KSH Output/Strip portion of file in HP-UX

austin881 · October 7, 2009, 3:45pm

I have a file, we'll call it file.txt. It has thousands of lines of all kinds of output at any given time (ie. foo bar foo bar)

I need to copy out just a portion of the file from Point-A to Point-B. I'd like to save off just that portion to a file called test123xyz.txt.

How do I do that?

1. foo
2. bar
3. foo
4. bar
5. <<<BEGIN test123xyz (<--Point-A)
6. foo
7. bar
8. foo
9. bar
~
~
~
~
~
~
991. foo
992. bar
993. foo
994. bar
995. >>>END test123xyz (<--Point-B)
996. foo
997. bar
998. foo

Now the good thing is, there are markers where I need to make the copy happen (ie. <<<BEGIN test123xyz)

I'm sure this is a simple grep, sed, awk or something that I can do but I've tried everything I know of with no success. Any ideas?
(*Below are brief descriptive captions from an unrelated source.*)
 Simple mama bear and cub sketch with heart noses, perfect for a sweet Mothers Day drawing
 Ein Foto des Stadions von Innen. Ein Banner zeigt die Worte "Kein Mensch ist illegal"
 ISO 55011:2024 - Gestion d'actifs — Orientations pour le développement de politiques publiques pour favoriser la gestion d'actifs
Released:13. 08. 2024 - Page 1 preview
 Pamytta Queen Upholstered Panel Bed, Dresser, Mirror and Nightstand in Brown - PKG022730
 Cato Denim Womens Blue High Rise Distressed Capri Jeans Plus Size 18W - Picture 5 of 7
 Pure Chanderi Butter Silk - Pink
HP-UX 11.31, korn shell scripting.

steadyonabix · October 7, 2009, 4:15pm

nawk ' ( $0 ~ /<<<BEGIN test123xyz/ ) || ( />>>END test123xyz/ ) { limits = limits" "NR } END { print limits } ' infile | 
xargs -i nawk -v limits={} ' BEGIN{ split( limits, n) } ( NR > n[1] ) && ( NR < n[2] ) ' infile > test123xyz.txt

Scott · October 7, 2009, 4:30pm

C="Point-A"
awk '
/'$C'/ { P = 1; next }
/END/ && P { exit }
P
' file1 | tee test123xyz.txt

steadyonabix · October 7, 2009, 5:04pm

Nice

Two questions: -

Why not: -

awk '
 /BEGIN/ { P = 1; next }
 /END/ { exit }
P
 ' infile

instead of '$C'?

and why does the P on its own line make this work?
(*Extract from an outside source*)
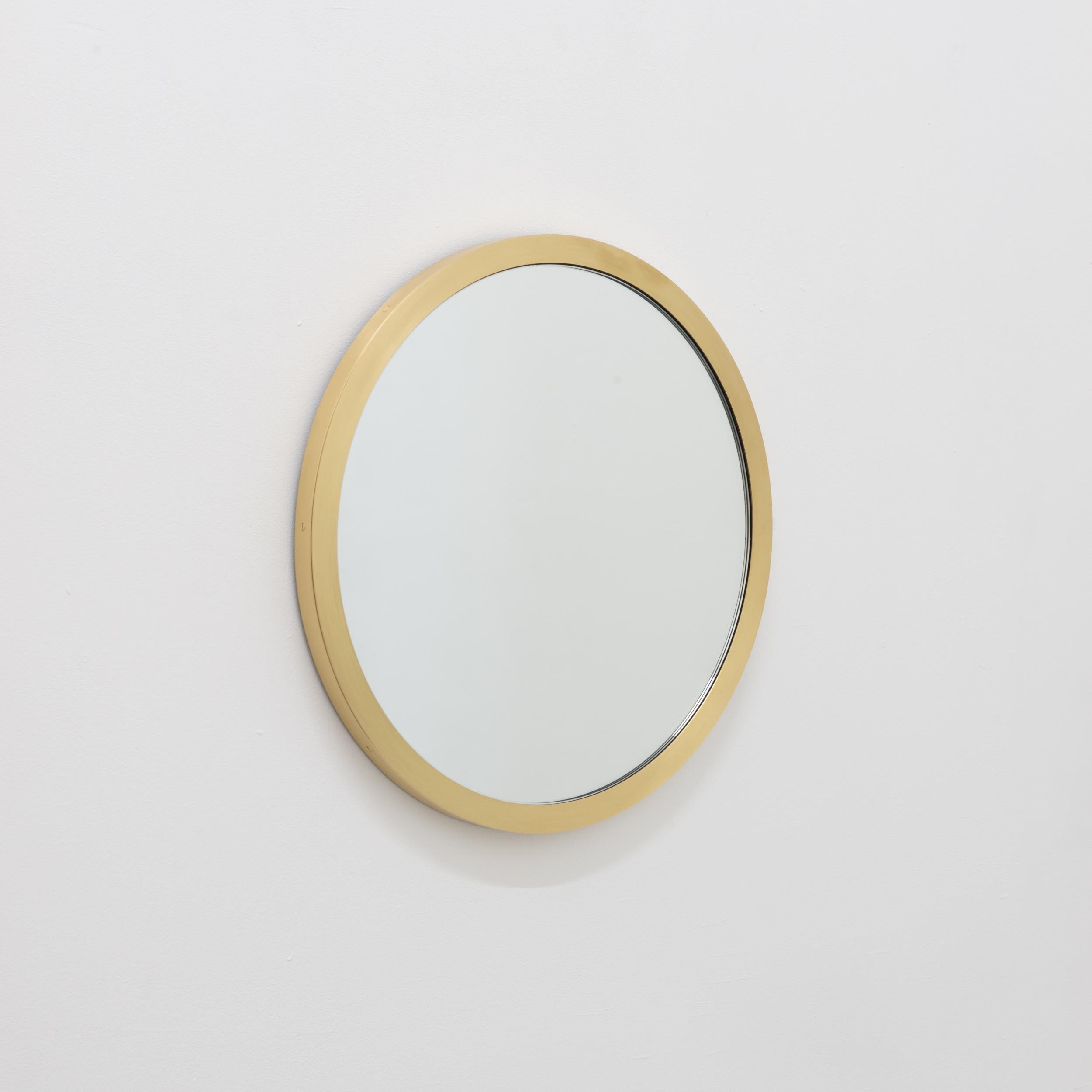 Orbis Round Contemporary Mirror with Full Brushed Brass Frame, Regular For Sale 3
Scrutinizer · October 7, 2009, 5:19pm

What 's wrong with a good ol'e shell script
while read lineno line; do
case $line in
"<<<") exec 4>&1 >${line# } ;; # save old handle, redirect output
">>>"*) exec >&4 ;; # restore old handle
*) echo $lineno $line ;;
esac
done < infile > outfile

It wasn't clear to me if filenumbers are part of your input files. If not, the script becomes:
while read line; do
case $line in
"<<<") exec 4>&1 >${line# } ;; # save old handle, redirect output
">>>"*) exec >&4 ;; # restore old handle
*) echo $line ;;
esac
done < infile > outfile

Scott · October 7, 2009, 5:21pm

Hi.

$C was to show how shell variable could be used inside the awk (for example if it was an argument to the script:

C=${1:-Point-A}

etc.

It could have been done in other ways

/Point-A/ { ... }

awk '
...
'  C=Point-A

(and then refer to it as C instead of $C)

awk -v C=Point-A '
...
' ...

Matching "BEGIN" isn't enough anyway, as there are many BEGINs, but hopefully only one Point-A.
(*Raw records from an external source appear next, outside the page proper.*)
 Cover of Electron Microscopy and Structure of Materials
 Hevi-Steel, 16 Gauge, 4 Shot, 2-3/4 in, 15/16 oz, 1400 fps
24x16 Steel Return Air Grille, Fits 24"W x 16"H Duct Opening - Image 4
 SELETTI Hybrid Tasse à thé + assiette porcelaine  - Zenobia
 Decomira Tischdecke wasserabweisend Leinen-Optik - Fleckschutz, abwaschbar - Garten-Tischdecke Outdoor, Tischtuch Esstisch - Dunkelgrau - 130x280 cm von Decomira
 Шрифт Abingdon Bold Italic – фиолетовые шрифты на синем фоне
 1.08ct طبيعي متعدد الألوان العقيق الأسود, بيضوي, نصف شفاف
P makes it work because when P is true (i.e. 1) the default action (print) is executed. P is set when $C is matched.

Hoi, Scrutinizer, there is absolutely nothing wrong with the good ol' shell script! AWK is just faster if you have a fair amount of data.

steadyonabix · October 8, 2009, 2:11am

Thanks for the explanation.

It finally dawned on me last night that it must be because P evaluates true so nice and compact code, thanks.

I followed the alternatives you gave except this one: -

awk '
...
'  C=Point-A

How does setting C after the awk work?

Scott · October 8, 2009, 5:11am

Hi.

It works in the same way as setting it with -v C=... except that it is processed after the BEGIN clause. If you have a begin clause use the -v option.